◆ **RECORDS SHOWN**:
··········

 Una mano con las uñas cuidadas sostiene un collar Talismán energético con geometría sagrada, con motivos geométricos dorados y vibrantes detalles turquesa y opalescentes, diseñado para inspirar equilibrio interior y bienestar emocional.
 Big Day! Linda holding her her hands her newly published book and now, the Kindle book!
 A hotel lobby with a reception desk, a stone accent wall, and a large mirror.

··········

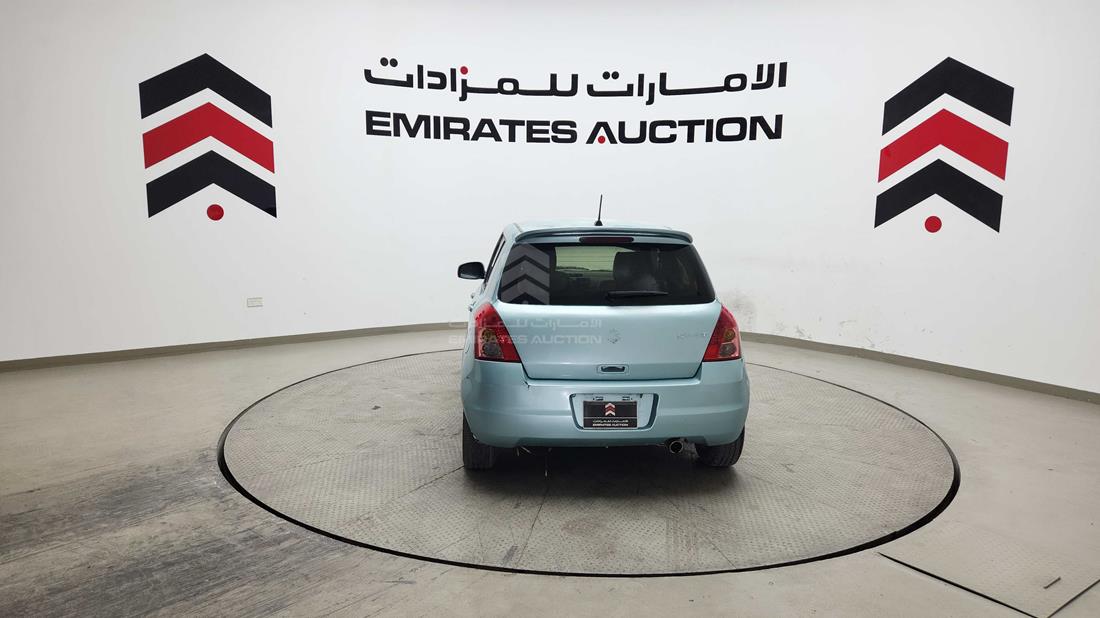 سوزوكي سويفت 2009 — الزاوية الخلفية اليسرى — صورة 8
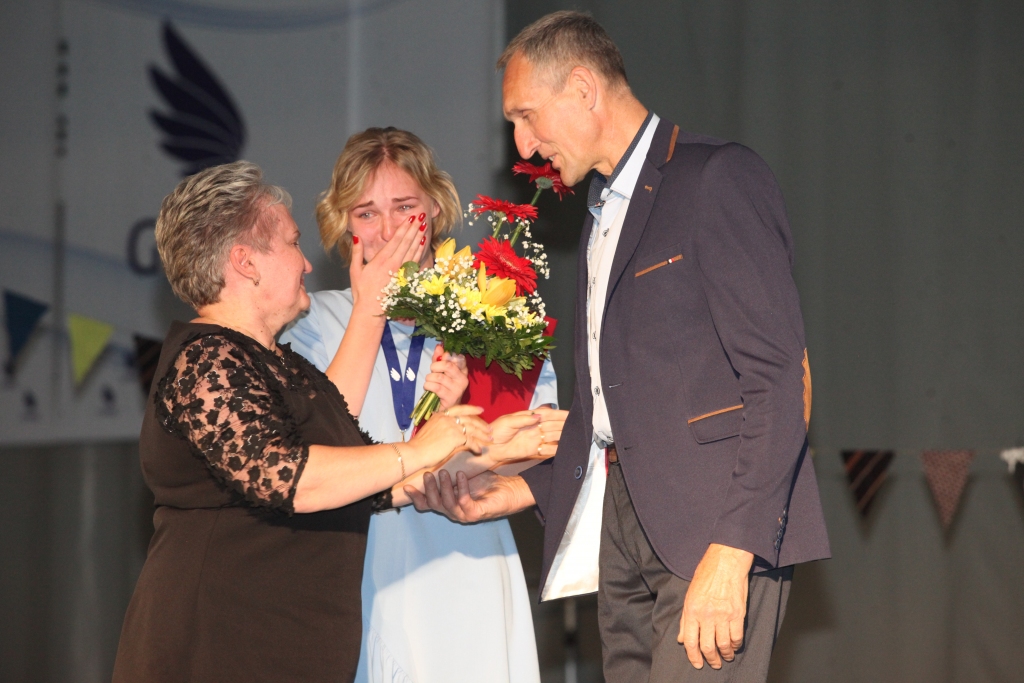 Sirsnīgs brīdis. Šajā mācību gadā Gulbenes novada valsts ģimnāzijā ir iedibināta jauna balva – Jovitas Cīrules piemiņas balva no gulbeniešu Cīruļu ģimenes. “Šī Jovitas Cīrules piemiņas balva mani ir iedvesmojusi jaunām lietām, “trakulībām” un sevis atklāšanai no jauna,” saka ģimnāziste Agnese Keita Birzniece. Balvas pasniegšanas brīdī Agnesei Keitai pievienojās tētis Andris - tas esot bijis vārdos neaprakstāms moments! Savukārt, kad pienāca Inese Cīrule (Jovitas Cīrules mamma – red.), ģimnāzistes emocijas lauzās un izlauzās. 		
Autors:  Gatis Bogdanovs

··········

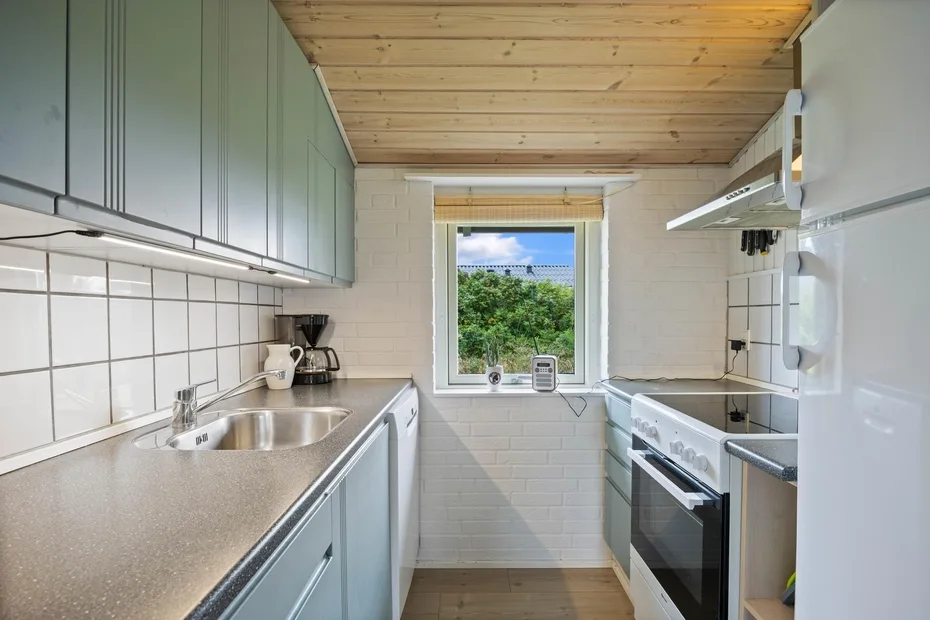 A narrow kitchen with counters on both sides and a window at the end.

··········

Within the material above, output exactly the lines from the one with "Big Day! Linda" through the one with "A hotel lobby", end lines included, and nothing besides.

◆ **RESPONSE TO THE EXERCISE**:
 Big Day! Linda holding her her hands her newly published book and now, the Kindle book!
 A hotel lobby with a reception desk, a stone accent wall, and a large mirror.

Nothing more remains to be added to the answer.